Spreading the word on the Arizona Water Blueprint

Spreading the word on the Arizona Water Blueprint
Published
August 13, 2020

To appreciate how useful the “Arizona Water Blueprint” may be someday to Arizonans interested in their water supplies (in short, all of them), let’s consider the demise of the slide rule.

Though invented in the 17th century, usage of the slide rule really took off with the advent of the Industrial Revolution. It served for nearly 100 years as the principle calculating devise for engineers, scientists and navigators.

For 19th to mid-20th century math nerds, it was a special tool. In the right hands, it could quickly perform complex functions like sine and logarithms in addition to standard multiplication and division. But it had a big drawback: only math nerds could figure out how to use it.

Then, along came the pocket calculator.

Calculators produced by the early 1970s could arrive at calculations far faster than the most experienced engineers working a slide rule. Their popularity grew when newer types also provided the possibility to reduce and solve nearly any equations, integrals or differential equations – functions largely beyond the capacity of a slide rule.

Plus, they could fit in your shirt pocket.
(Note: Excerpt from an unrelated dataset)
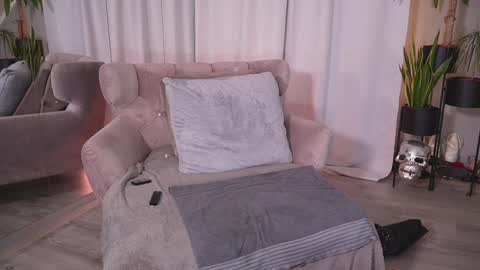 hotmilfbitch online show from February 2025 03:00:02 AM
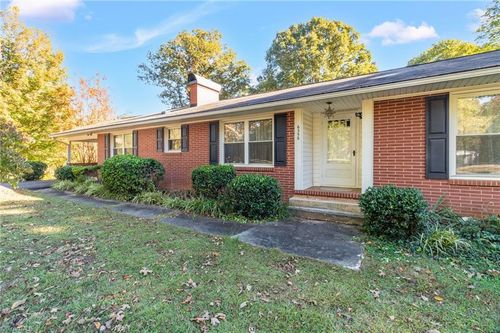 6356 Skylark Rd, Pfafftown, NC, 27040-7417 | Card Image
In many respects, they democratized math.

So it may be soon with the Arizona Water Blueprint, which illustrates and simplifies the complexities of Arizona’s water supplies in ways that few tools previously available could.

“Democratizing” water knowledge certainly is the goal of its designers, who conducted a seminar this week on its many uses for Arizona Department of Water Resources staff.

“We want to make sure that anybody who wants to use the Blueprint can get an idea of water resources in a given area with it,” said Susan Craig, water-policy analyst for Arizona State University’s Kyl Center for Water Policy at the Morrison Institute.

“One of the things we’re working on is to make it useful to someone who just picks it up and wants to know something about water.”

As Kyl Center Director Sarah Porter observed, everyone in Arizona has an abiding interest in understanding the nature, availability and condition of their water supplies. It’s not just for “water geeks.”

Statewide polling conducted by the Morrison Institute in 2019 “found a great interest among the public to know more about the state’s water resources,” said Porter.

“We (at the Kyl Center) see a need to get information out to people. That includes getting information out to public policy people. With the Blueprint, we can explain water issues to policy makers in ways that we couldn’t before.”

The Blueprint will be updated regularly, which its designers consider to be a key to the tool’s value. They also are expanding the Blueprint’s subject matter. The launch of a section on the resilience of municipal water supplies is expected soon.

“We’re hoping this (“municipal resilience”) information will be a good community tool for city councils in explaining how resilient their city’s water resources are,” said Sierra Apillanes, an ASU graduate assistant working on the project.

Municipal “scorecards” are scheduled to be released and incorporated into the Blueprint this fall.

“We work with each (municipal) water provider and publicly available data to score five categories of water resilience,” said Porter.

They include “capacity to meet current demand into the future; capacity to meet projected demand at build-out; system management; contingency planning and water consciousness.”